今月の法話

■「塵を払い、垢を除かん」【2023年12月の法話】

 

 気が付くともう年の瀬です。今年も色んな事があったなと、思い返しながら部屋の角を見てみるとホコリが溜まっているのに気づきました。

 みなさまは年越しの準備は出来ていますでしょうか。やはり今月最後の大仕事と言えば、大掃除という方が多いのではないかと思います。久しぶりに棚や冷蔵庫の裏を覗いて「ひゃー」と声をあげる誰かの姿が想像できてしまいます。

 私が京都のお寺で修行をしていました頃、掃除は「別行(べつぎょう)」という修行の一つでした。「特別な行」を略して別行と言います。なぜ特別なのかと申しますと、自分と他人の双方が徳をするからです。仏教で言いますところの、自利利他でございます。「ゴミの残しは心の汚れ」と言って、自分の心を洗う気持ちで頑張って綺麗にします。するとそこを訪れた人は、綺麗な場所で心も清らかになります。自分の為に行った事で、それが他人の為にもなり、お互いが徳をするのです。

 お釈迦様の御弟子に、掃除をする事で悟りを得た方がいらっしゃいます。シュリハンドクという方です。彼はあまりにも物覚えが悪く、仏道修行が思うように進まないので周囲から突き放されてしまいます。自分の愚かさに悲しんでいる彼のもとにお釈迦様がやってきました。

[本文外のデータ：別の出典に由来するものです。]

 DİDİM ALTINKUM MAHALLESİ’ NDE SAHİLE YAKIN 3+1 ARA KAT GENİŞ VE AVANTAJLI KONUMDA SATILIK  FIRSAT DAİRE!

「自らの愚を知る者は真の知恵者である」と言って彼を慰めたあと、一本のほうきと「塵を払い、垢を除かん」と言う言葉を授けました。

 シュリハンドクは「塵を払い、垢を除かん」と唱えながら一生懸命に掃除をしました。しかし、どれだけ綺麗にしても気付くとゴミが溜まり、また綺麗にしてもゴミが溜まります。それでも二十年間続けました。ある時、何度も汚れるのは人の心も同じであることに気付きました。「汚れが自分の煩悩とするならば、目に見えていない汚れの様に、自分でも気付けていない愚かさがまだある」と、シュリハンドクは悟りました。

 大人になると、ほうきを持つ機会が減った方が多いのではないでしょうか。それどころか、ロボット掃除機の方が徳を積んでいる時代です。どれだけやっても完璧にならないのが「別行」でございます。大掃除で、普段は見ない様にしているところへ目を向けてみてはいかがでしょうか。もしかすると心の奥の汚れにも気付けるかもしれません。